-- Available data follows --

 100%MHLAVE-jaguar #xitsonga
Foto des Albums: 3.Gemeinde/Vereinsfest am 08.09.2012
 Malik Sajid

-- Available data concluded --
-- Available data follows --

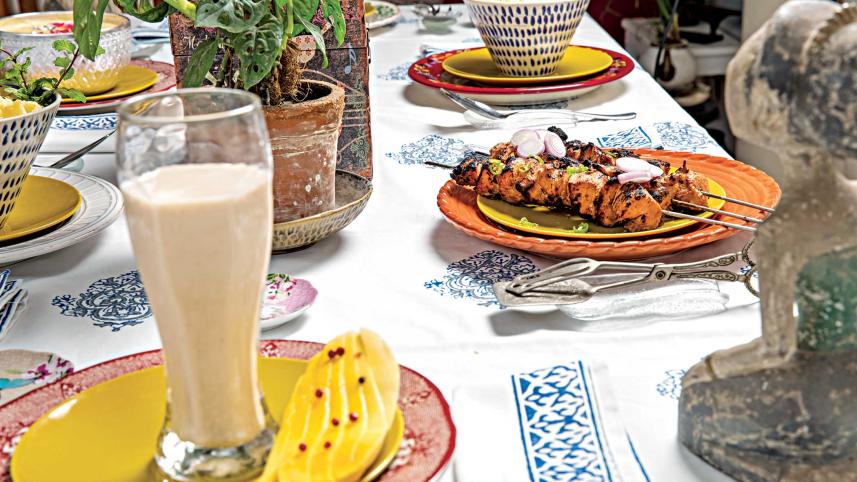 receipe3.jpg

-- Available data concluded --
-- Available data follows --

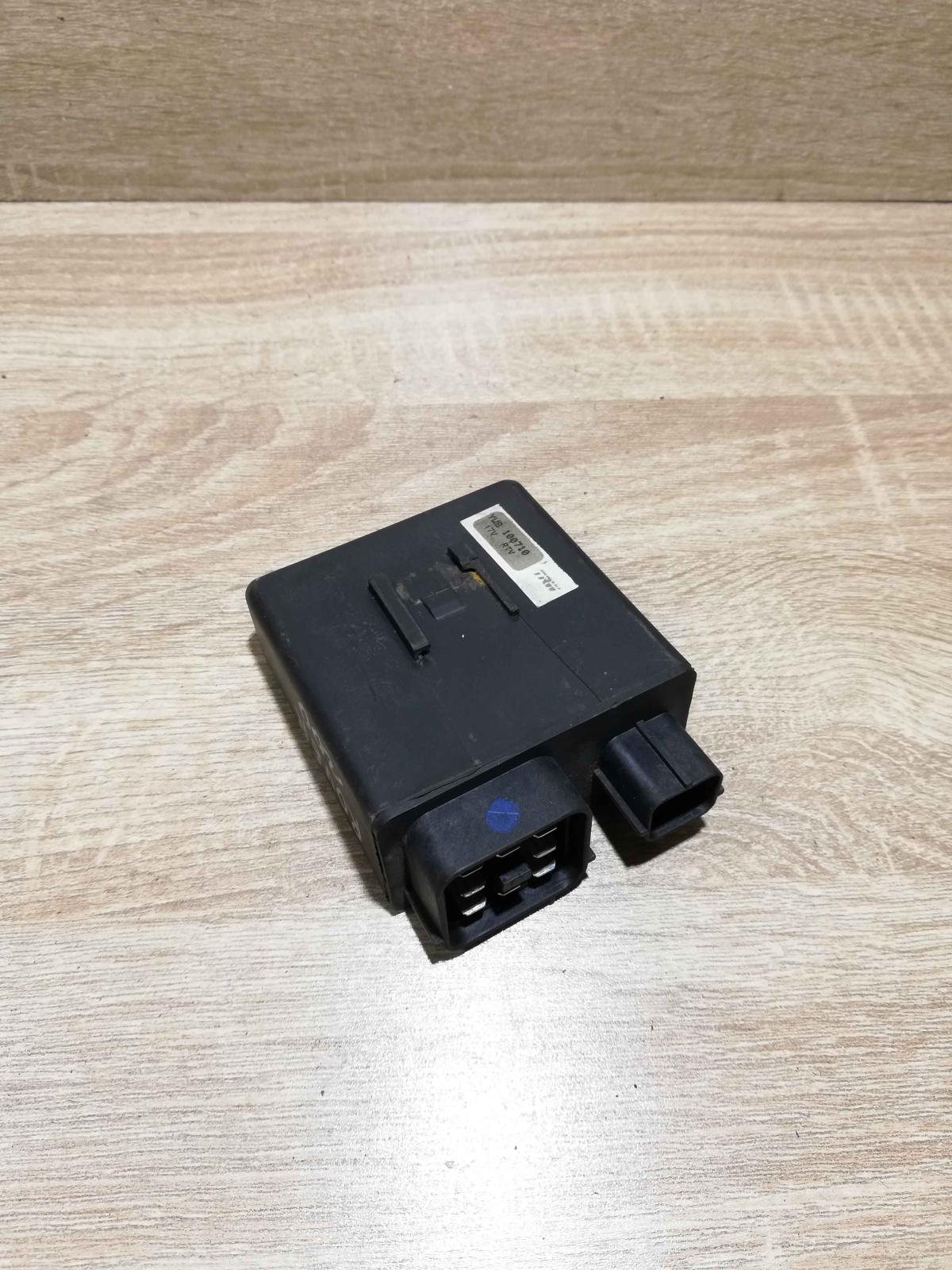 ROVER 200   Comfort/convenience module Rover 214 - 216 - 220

-- Available data concluded --

Required work: Of all the entries above, retype exactly the lines from the line with "100%MHLAVE-jaguar #xitsonga" to the line with "Malik Sajid", both included, and no others.

Written reply:
 100%MHLAVE-jaguar #xitsonga
Foto des Albums: 3.Gemeinde/Vereinsfest am 08.09.2012
 Malik Sajid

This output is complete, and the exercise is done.